§ **Aim of the task**: Repeat the data below in full. Pictures must not be part of the copy.

§ **Recorded data**:
■ ■ ■ ■
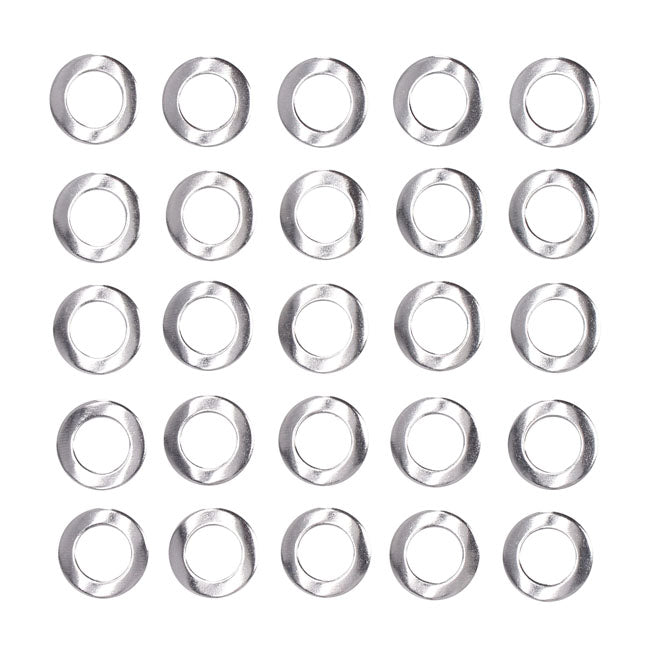 Stainless Wave Washers M10 25 Pack Wave Washers Gardner Westcott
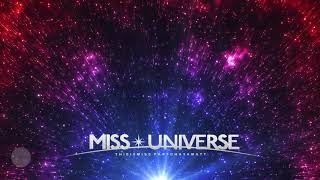 Miss universe background music  Main Title  4K [upl. by Georgianne]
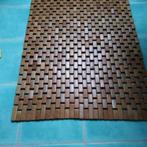 badmat bamboo, Huis en Inrichting, Badkamer | Badtextiel en Accessoires, Ophalen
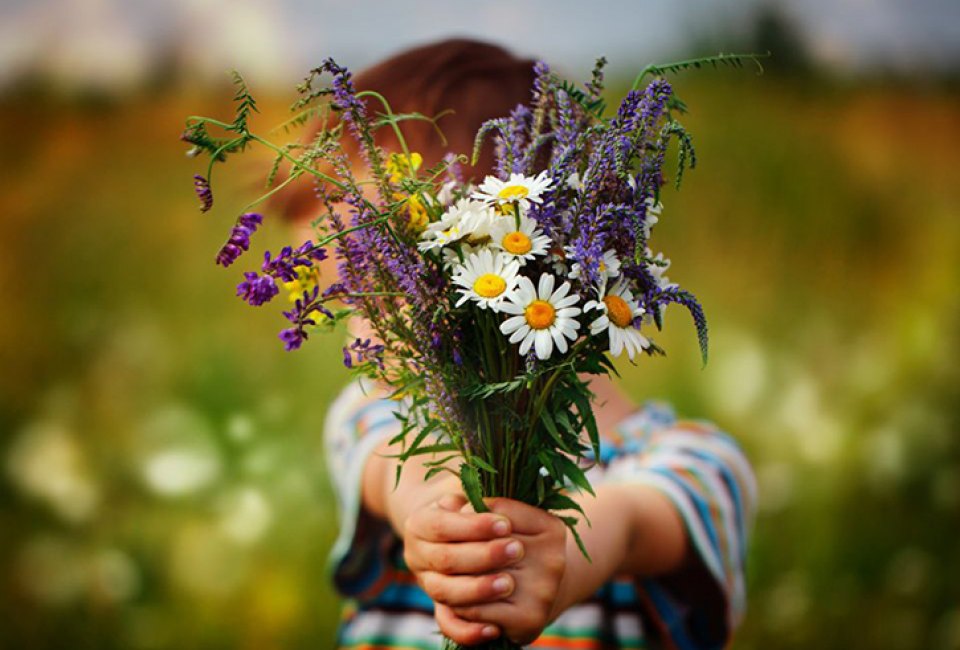 Spending time with her kids means more to moms than flowers!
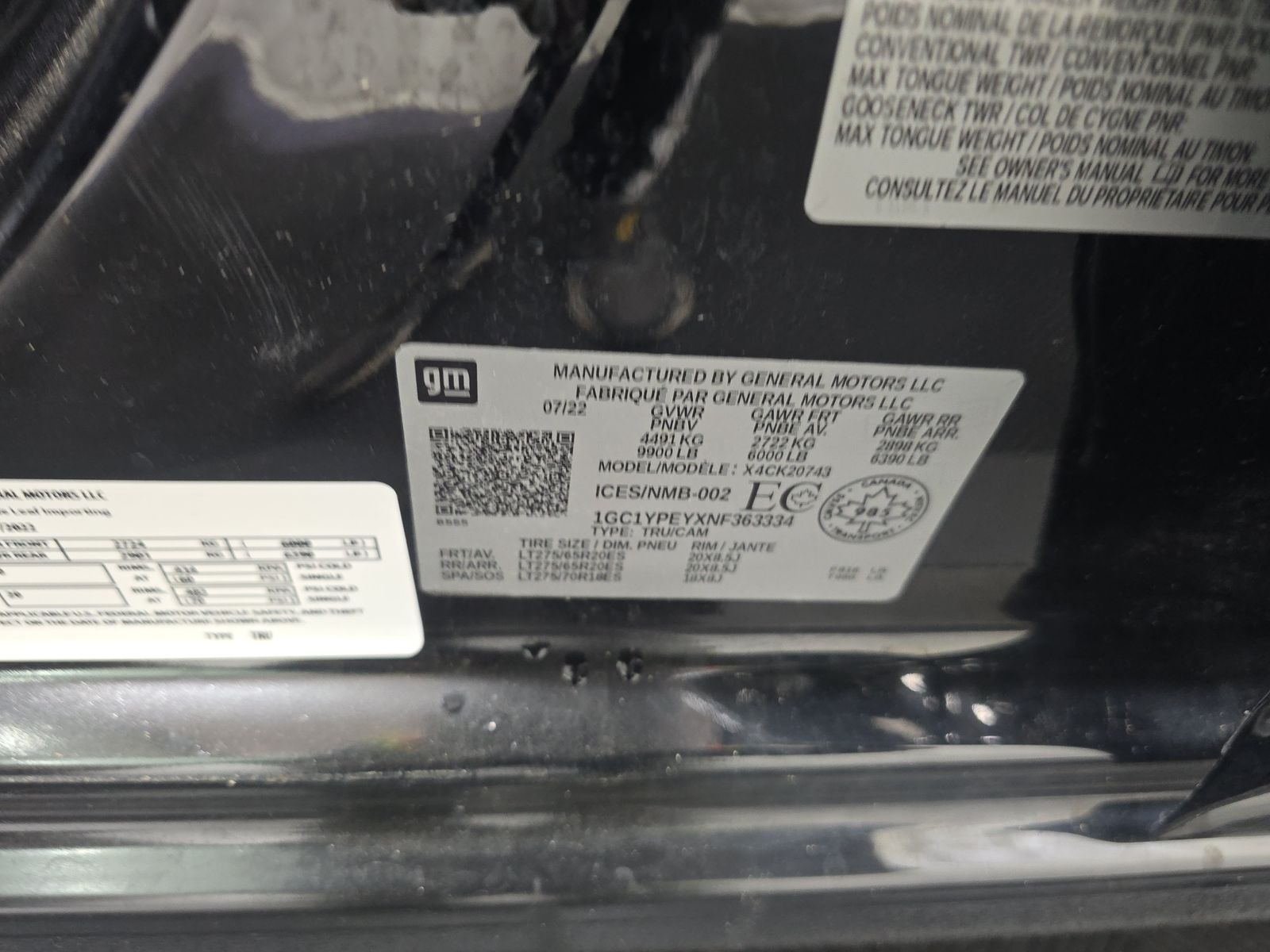 2022 Chevrolet Silverado 2500HD LTZ AWD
■ ■ ■ ■
§ **Reply to the exercise**:
 Stainless Wave Washers M10 25 Pack Wave Washers Gardner Westcott
 Miss universe background music  Main Title  4K [upl. by Georgianne]
 badmat bamboo, Huis en Inrichting, Badkamer | Badtextiel en Accessoires, Ophalen
 Spending time with her kids means more to moms than flowers!
 2022 Chevrolet Silverado 2500HD LTZ AWD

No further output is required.